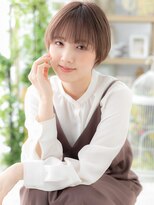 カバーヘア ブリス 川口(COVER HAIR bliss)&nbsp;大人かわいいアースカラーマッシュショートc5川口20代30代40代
========
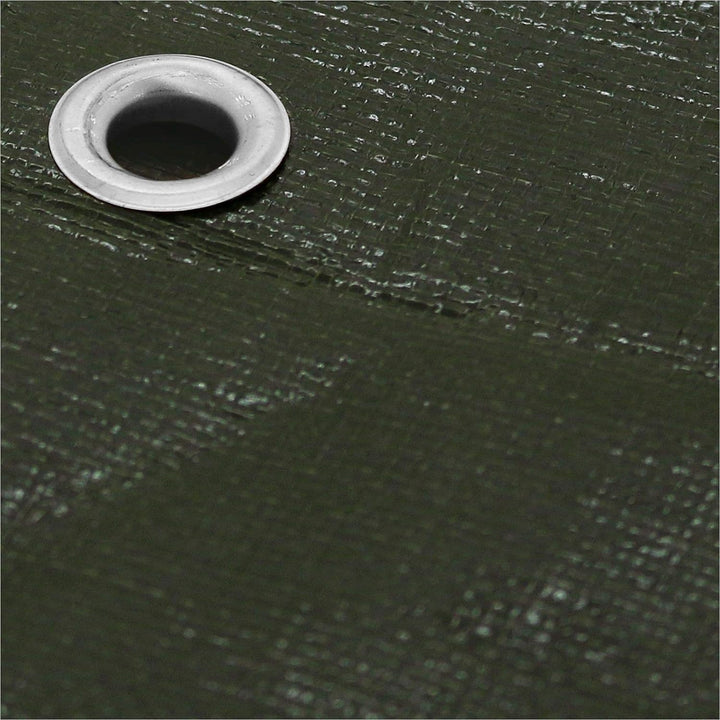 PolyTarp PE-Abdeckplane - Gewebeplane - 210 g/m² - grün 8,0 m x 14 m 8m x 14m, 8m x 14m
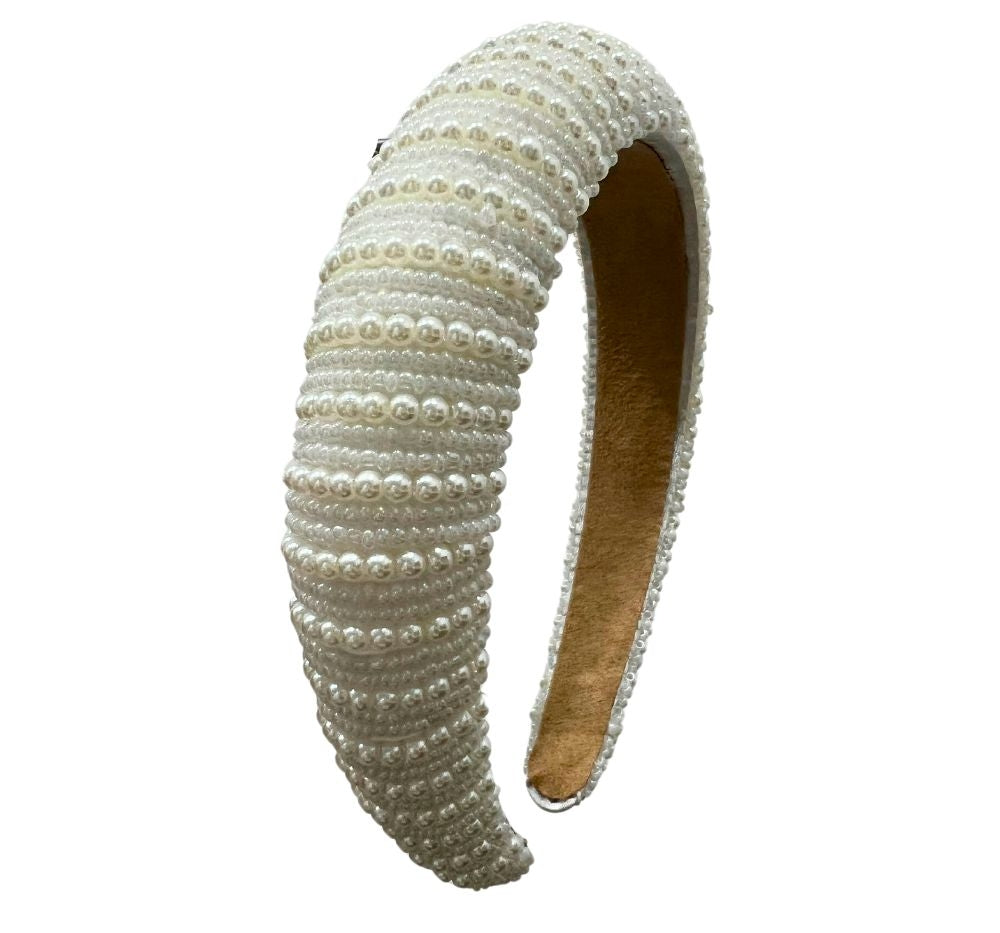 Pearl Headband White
========
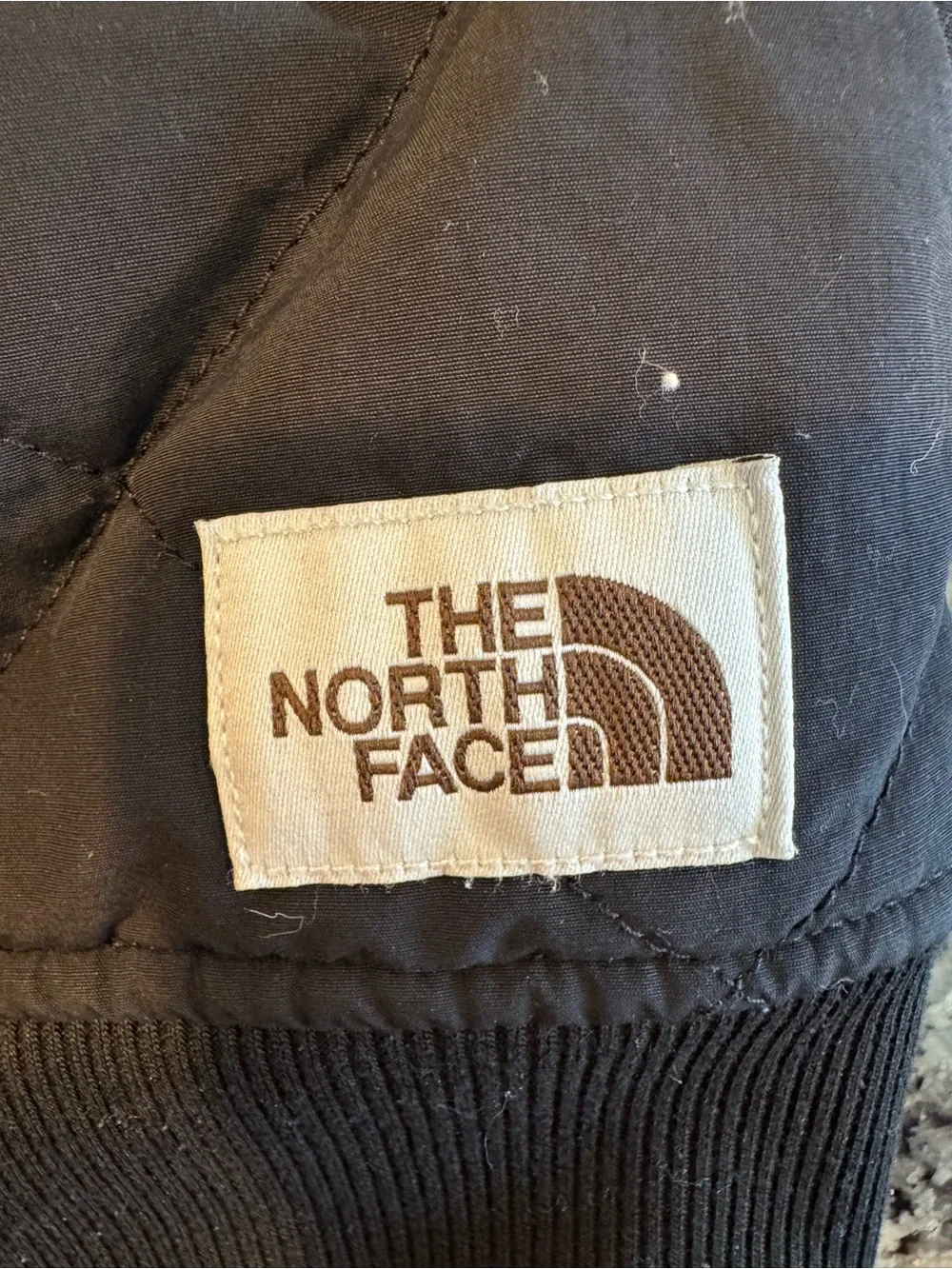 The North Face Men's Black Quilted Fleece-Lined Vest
========
Your goal: Using the material above, reproduce only the lines that run from the line with "PolyTarp PE-Abdeckplane - Gewebeplane" up to and including the line with "Pearl Headband White", exactly, with the pictures dropped.

Exercise result:
 PolyTarp PE-Abdeckplane - Gewebeplane - 210 g/m² - grün 8,0 m x 14 m 8m x 14m, 8m x 14m
 Pearl Headband White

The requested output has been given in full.